Pasolini aderí e nello stesso tempo fu fortemente critico nei confronti del movimento politico sociale nato nel Sessantotto. Dette la sua disponibilità ma non mancò di far sentire il proprio dissenso (come quando esaltò, piuttosto demagogicamente, i poliziotti, figli di povera gente, che manganellavano a sangue i ragazzi, figli dei borghesi). La sua personalità vulcanica, la sua programmatica mancanza di coerenza, ne fecero un personaggio scomodo politicamente, e per la sinistra, imbarazzante ideologicamente. Nei suoi testi polemici, soprattutto gli Scritti corsari (P. P. Pasolini, Scritti corsari, Garzanti, Milano 1975), traspare una costante che lo rende così popolare oggi, anche a certi settori culturali della destra: il rifiuto radicale della modernità e il rimpianto nostalgico di un mondo contadino che è del tutto scomparso. La nostalgia per quel mondo e per i suoi valori lo porta a darne un’immagine idilliaca, e quanto mai irreale, che soltanto il riconoscimento della sua violenza intrinseca lo allontana da posizioni sdolcinate come quelle di Ermanno Olmi ne L’albero degli zoccoli (1978).

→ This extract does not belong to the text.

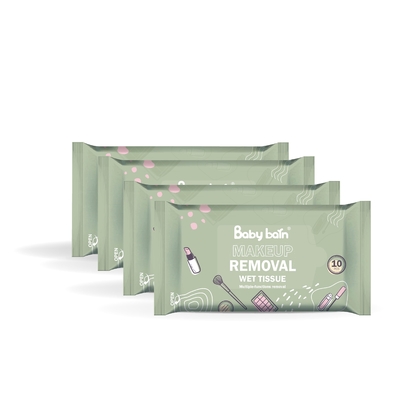 Più nuovo stile femminile all'ingrosso comporre per pulire le strofinate bagnate del dispositivo di rimozione delicato organico di trucco che puliscono le strofinate del fronte per la donna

Assai acuta è però l’analisi di Pasolini sul moderno consumatore-infantile, prodotto della fine della civiltà contadina: «Il monoteismo contadino dopo esser stato per tanto tempo modulo e strumento di potere viene buttato a mare dal potere industriale. Strano! Un modello di un “consumatore” non può piú essere un modello di dignità paterna! Il consumatore deve essere un uomo leggero, infantile, volubile, curioso, giocherellone, credulo. Il compratore è sostanzialmente una fanciulla. S’infrange il monoteismo col padre che dà, non prende; s’infrange con i suoi domini storici della piccola borghesia occidentale e rossa, lasciando il posto a un politeismo dei Beni donati da un Padre che non vuol farsi imitare?» (P. P. Pasolini, Che fare col «buon selvaggio» (1970?), in «L’Illustrazione italiana»).

L’articolo Gli italiani non sono più quelli (sul Corriere della Sera del 10 giugno 1974), scritto dopo il referendum sul divorzio del 1974, chiarisce come Pasolini analizzasse la realtà italiana con categorie polemicamente infantili: nella vittoria delle posizioni favorevoli al divorzio, egli vede l’ennesimo sintomo della diffusione dei valori del consumo e dell’edonismo, il frutto del radicamento di certe ideologie neocapitalistiche, e quindi egoistiche, di matrice americana. L’odio di Pasolini per la Democrazia cristiana, che sbrigativamente identifica in toto con il potere, è quello di chi pensa che una forza d’ispirazione cattolica avrebbe dovuto preservargli il mondo contadino del Friuli della sua giovinezza, e che invece ha tradito per dare spazio a una società consumistica e volgare. Il vuoto del potere in Italia (Corriere della Sera, 1° febbraio 1985), che prende a pretesto la scomparsa delle lucciole, costituisce il testo più esemplare della deriva alla quale era giunto il pensiero critico di Pasolini. Un testo intellettualmente sconcertante. Ci si trova di fronte a una Medusa della nostalgia e dell’antimodernismo. La sua critica del presente, riletta oggi, appare come il prodotto di una visione del mondo che si giustifica soltanto nei sogni di un artista. Di questi scritti si salva infatti soltanto la forma. Come nota Alfonso Berardinelli «il fatto è che per Pasolini i concetti sociologici e politici diventano evidenze fisiche, miti e storie della fine del mondo» (Prefazione a P. P. Pasolini, Scritti corsari (nuova edizione), Garzanti, Milano 1990).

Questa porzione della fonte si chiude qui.